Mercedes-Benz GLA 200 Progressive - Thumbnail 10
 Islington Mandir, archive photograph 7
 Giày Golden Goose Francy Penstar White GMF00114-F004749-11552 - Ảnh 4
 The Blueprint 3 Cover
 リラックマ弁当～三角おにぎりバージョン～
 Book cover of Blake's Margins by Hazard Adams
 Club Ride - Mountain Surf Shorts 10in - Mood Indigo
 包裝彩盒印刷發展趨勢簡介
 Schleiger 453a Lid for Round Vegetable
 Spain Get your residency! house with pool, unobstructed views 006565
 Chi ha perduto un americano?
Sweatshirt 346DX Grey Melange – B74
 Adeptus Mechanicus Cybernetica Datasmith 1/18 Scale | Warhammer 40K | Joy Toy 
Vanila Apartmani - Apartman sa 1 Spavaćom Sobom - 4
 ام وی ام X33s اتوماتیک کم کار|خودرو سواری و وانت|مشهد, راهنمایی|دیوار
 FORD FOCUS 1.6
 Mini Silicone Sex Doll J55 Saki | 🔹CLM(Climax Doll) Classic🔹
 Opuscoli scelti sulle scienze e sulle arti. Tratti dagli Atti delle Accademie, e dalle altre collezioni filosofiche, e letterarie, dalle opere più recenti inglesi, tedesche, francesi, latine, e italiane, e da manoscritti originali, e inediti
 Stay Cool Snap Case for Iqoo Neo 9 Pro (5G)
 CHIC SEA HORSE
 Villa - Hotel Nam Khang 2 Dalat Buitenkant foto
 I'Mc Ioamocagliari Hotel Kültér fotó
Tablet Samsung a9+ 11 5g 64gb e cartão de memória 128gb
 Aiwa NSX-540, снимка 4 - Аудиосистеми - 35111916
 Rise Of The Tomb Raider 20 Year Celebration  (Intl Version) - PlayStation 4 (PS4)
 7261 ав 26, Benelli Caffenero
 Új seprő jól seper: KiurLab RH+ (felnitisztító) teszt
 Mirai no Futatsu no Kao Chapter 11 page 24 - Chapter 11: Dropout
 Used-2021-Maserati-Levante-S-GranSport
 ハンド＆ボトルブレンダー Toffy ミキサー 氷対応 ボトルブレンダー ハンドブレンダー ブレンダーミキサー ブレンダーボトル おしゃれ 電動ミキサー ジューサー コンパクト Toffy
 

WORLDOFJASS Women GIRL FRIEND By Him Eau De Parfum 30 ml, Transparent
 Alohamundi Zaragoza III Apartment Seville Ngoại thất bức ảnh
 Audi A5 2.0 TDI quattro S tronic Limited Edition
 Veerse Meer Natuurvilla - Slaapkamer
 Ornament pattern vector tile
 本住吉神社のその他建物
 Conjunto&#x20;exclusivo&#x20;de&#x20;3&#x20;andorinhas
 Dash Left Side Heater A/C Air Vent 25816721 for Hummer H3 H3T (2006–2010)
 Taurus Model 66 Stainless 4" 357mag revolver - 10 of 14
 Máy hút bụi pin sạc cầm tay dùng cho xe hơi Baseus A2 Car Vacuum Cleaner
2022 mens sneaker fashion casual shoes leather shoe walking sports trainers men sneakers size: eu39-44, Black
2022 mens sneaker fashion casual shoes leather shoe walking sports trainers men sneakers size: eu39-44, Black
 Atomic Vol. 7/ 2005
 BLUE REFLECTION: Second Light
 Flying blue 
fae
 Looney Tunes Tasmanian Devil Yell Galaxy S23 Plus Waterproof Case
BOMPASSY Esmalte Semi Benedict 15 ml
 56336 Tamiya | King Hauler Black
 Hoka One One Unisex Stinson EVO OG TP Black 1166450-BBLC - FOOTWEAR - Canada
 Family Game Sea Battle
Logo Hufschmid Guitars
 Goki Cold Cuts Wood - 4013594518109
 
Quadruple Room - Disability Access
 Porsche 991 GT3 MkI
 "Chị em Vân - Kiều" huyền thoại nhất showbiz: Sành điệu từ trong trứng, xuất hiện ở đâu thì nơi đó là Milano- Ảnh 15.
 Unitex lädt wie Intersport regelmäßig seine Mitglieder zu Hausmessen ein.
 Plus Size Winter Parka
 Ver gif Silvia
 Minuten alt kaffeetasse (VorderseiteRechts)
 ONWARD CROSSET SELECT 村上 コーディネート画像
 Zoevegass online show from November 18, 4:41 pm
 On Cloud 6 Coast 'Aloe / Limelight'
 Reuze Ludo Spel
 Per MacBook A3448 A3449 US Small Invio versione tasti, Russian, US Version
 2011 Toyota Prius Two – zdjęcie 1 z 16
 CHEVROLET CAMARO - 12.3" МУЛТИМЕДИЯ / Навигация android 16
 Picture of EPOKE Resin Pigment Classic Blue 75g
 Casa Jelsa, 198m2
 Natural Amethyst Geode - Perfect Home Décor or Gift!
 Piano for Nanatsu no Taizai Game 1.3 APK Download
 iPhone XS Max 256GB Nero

□ □ □

_Activity_: Above are the entries; copy out every line among them that contains the word "Classic".

_Response to this exercise_:
 Mini Silicone Sex Doll J55 Saki | 🔹CLM(Climax Doll) Classic🔹
 Picture of EPOKE Resin Pigment Classic Blue 75g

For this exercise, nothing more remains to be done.